Molly Beer is a graduate of Duke University, the Bread Loaf School of English, and the University of New Mexico MFA program, where she served as nonfiction editor for Blue Mesa Review . In addition to the American Southwest, she has lived in El Salvador, Ecuador, and Mexico, and her subsequent essays grapple with the politics of place. Her most recent work appears in Salon , Guernica , Glimpse , Copper Nickel , and Room Magazine , and she is co-author of Singing Out , an oral history published by Oxford University Press (2010).
George David Clark
George David Clark's honors include a Henry Hoyns Fellowship from the University of Virginia and the Provost's Doctoral Fellowship at Texas Tech. His poems appear in such journals as The Cimarron Review , The North American Review , Quarterly West , Shenandoah , Smartish Pace , Southern Poetry Review , Willow Springs and elsewhere, and can be found reprinted online at Verse Daily and Poetry Daily . He also serves as editor of the journal, 32 Poems .

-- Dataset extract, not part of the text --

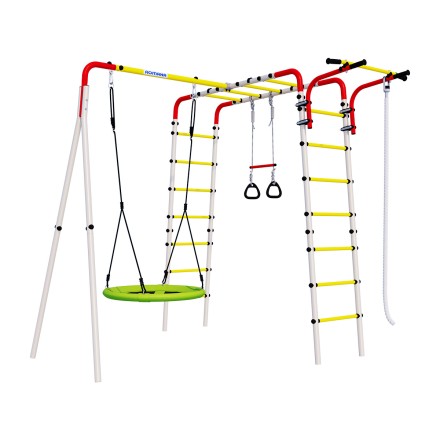  Дачный комплекс "Весёлая лужайка-2" + ГНЕЗДО качели Romana R 103.25.04 (серый/жёлтый)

Jasmine Bailey graduated from Colgate in 2005 and the University of Virginia MFA program in 2010. There, she worked as poetry editor for the semi-annual literary journal, Meridian . Her chapbook of poems, Sleep and What Precedes It , won the Longleaf Press 2009 Chapbook Prize and her book-length collection of poetry, Alexandria , will be published by Carnegie Mellon. Her poems have appeared or are forthcoming in the minnesota review , Poet Lore , 32 Poems , The Carolina Quarterly , The Portland Review , and the Birmingham Poetry Review , among others.

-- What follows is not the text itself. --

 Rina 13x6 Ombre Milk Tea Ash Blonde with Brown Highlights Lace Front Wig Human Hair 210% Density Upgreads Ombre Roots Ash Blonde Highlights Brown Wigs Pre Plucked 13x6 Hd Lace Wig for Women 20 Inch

Marjorie Celona studied writing at the University of Victoria and the Iowa Writers’ Workshop, where she was an Iowa Arts Fellow and recipient of the Ailene Barger Barnes Prize for Excellence in the Short Story. Her stories have appeared in The Best American Nonrequired Reading (2008), Glimmer Train , Crazyhorse , Best Canadian Stories (2007, 2010, 2012), The Fiddlehead , Indiana Review , and elsewhere. In May, she will be writer-in-residence at Hawthornden Castle in Scotland, where she plans to finish her novel.
Sarah Beth Childers
Sarah finds much of her writing inspiration in the creeks, hills, and train tracks around where she grew up in Huntington, West Virginia. She has a bachelor of arts in history from Marshall University and a master of fine arts in creative nonfiction from West Virginia University. She has taught writing at West Virginia University and medieval literature and history at Duke University’s Talent Identification Program. Her work has appeared in SNReview and Paddlefish , and her short story “Red Ribbon” was nominated for a Pushcart Prize in 2009
Anthony Eleftherion’s stories have appeared in the Madison Review and Epoch . He holds a bachelor’s degree in philosophy from Rutgers University and a master of fine arts degree from the Iowa Writers’ Workshop, where he was a Maytag fellow. A short film he co-wrote received a student academy award, the HBO short film award, the grand jury awards at South by Southwest and Palm Springs Film Festivals, and was an official selection of the Sundance film festival. He is completing a collection of stories about Brooklyn, NY.